▸ **Task to carry out**:
All lines from the one containing "Auntie Lou, There's a Boat in Your Shoe!" through the end of the material below are to be printed exactly, both ends included, minus pictures.

***** Data to use *****

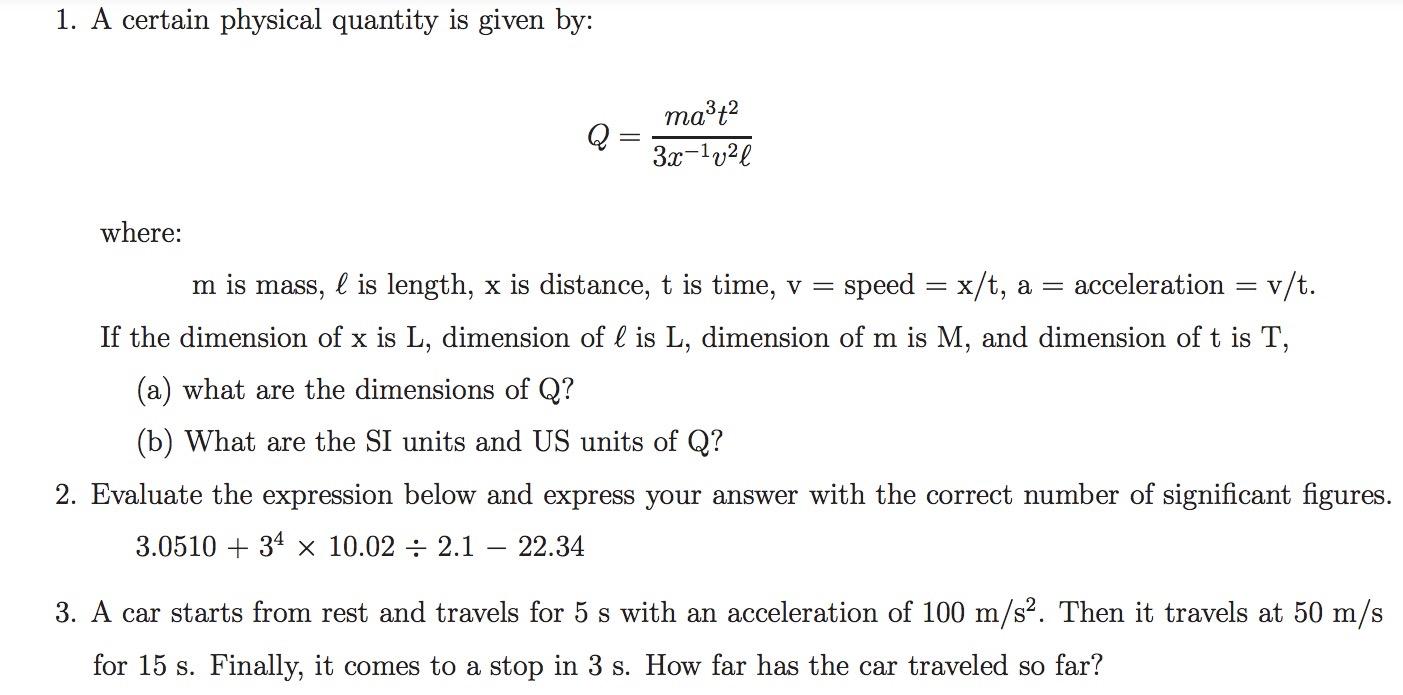 Solved 1. A Certain Physical Quantity Is Given By: Ma't2 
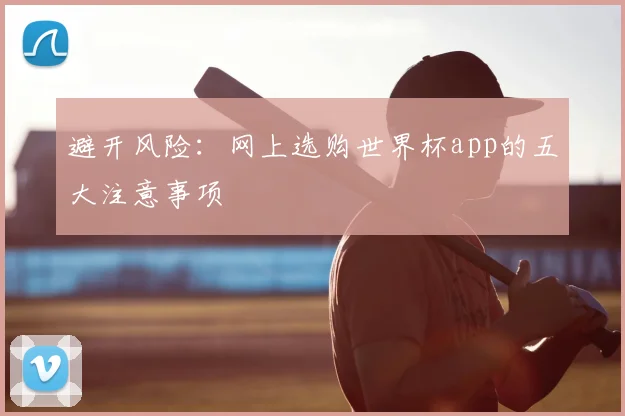 避开风险：网上选购世界杯app的五大注意事项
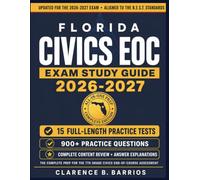 Florida Civics EOC Exam Study Guide 2026 - 2027: All-in-One Prep with Complete Content Review, 15 Full-Length Practice Tests, 900+ Questions, and Answer Explanations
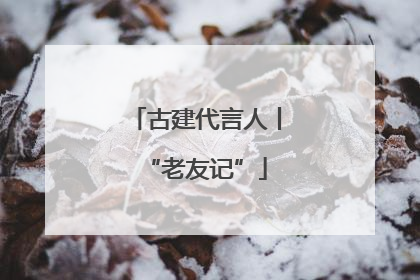 古建代言人丨“老友记”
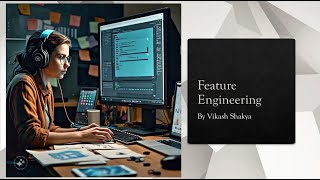 Feature Engineering Part 9  Cardinality And Ordinality  By Vikash Shakya [upl. by Aiselad]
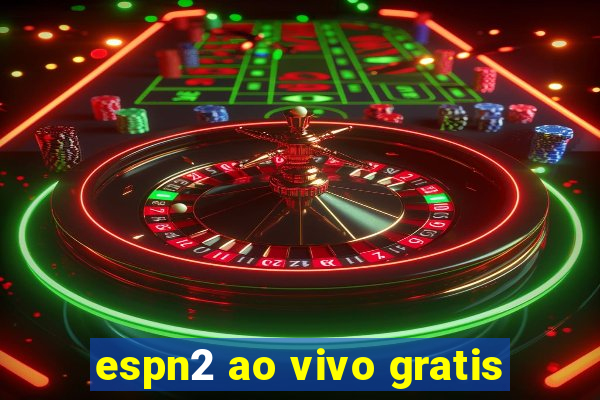 espn2 ao vivo gratis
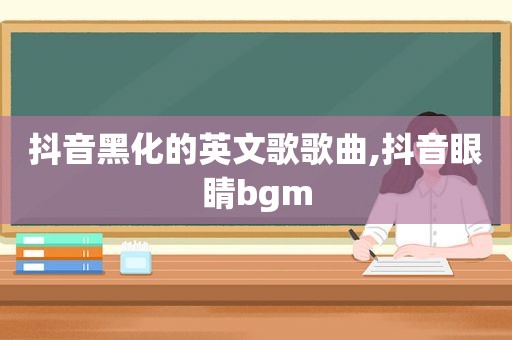 抖音黑化的英文歌歌曲,抖音眼睛bgm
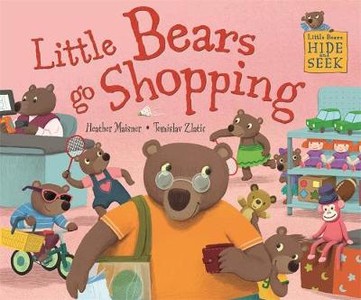 Little Bears Hide And Seek: Little Bears Go Shopping 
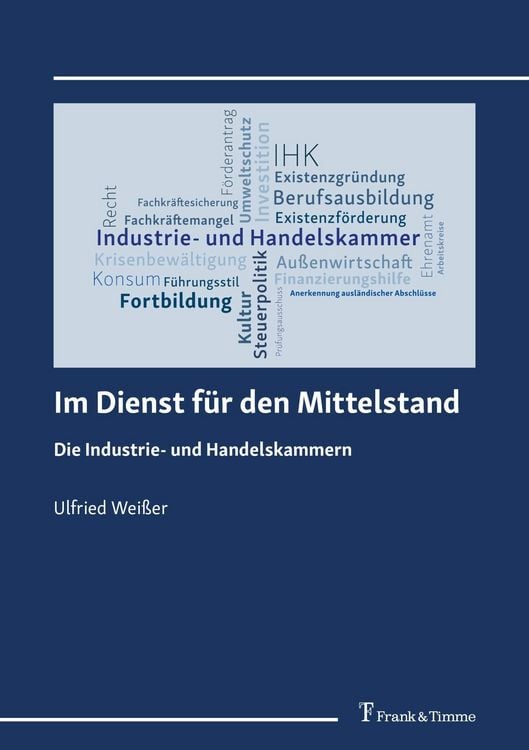 Produktbild: Im Dienst f&uuml;r den Mittelstand - Die Industrie- und Handelskammern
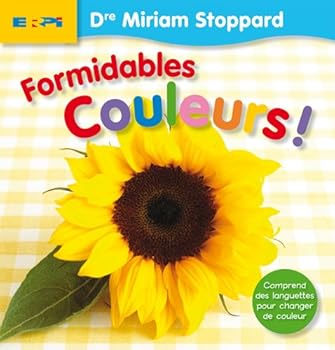 Paperback Formidables couleurs! dre miriam stoppard [French] Book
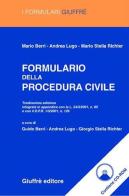 Formulario della procedura civile. Con CD-ROM di Mario Berri, Andrea Lugo, Mario Stella Richter edito da Giuffrè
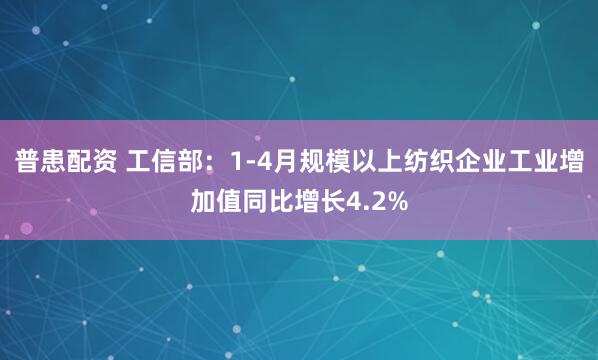 普患配资 工信部：1-4月规模以上纺织企业工业增加值同比增长4.2%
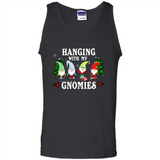 Christmas Garden Gnome Hanging With My Gnomies Shirt Sweater - Tank Top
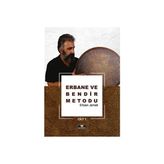 TeknoKapsül Erbane ve Bendir Metodu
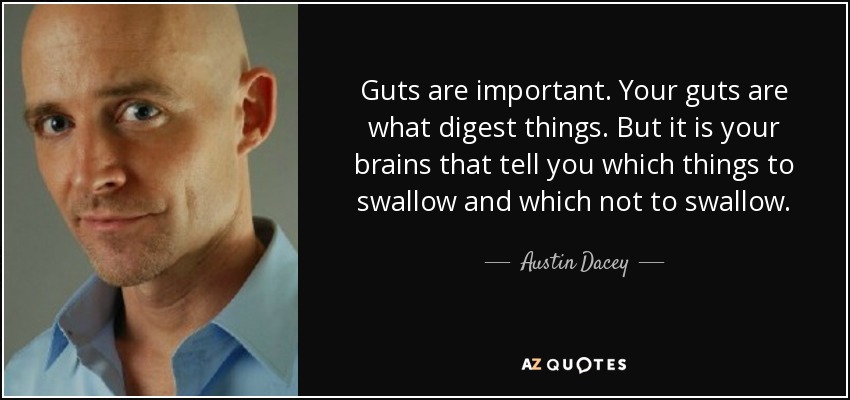 Guts are important. Your guts are what digest things. But it is your brains that tell you which things to swallow and which not to swallow. - Austin Dacey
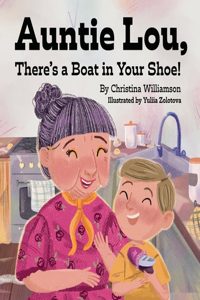 Auntie Lou, There's a Boat in Your Shoe!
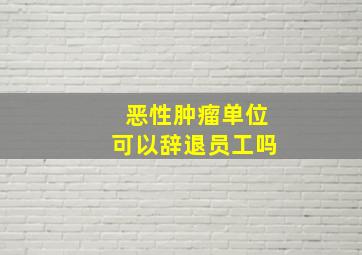 恶性肿瘤单位可以辞退员工吗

*****

▸ **Answer to the exercise**:
 Auntie Lou, There's a Boat in Your Shoe!
 恶性肿瘤单位可以辞退员工吗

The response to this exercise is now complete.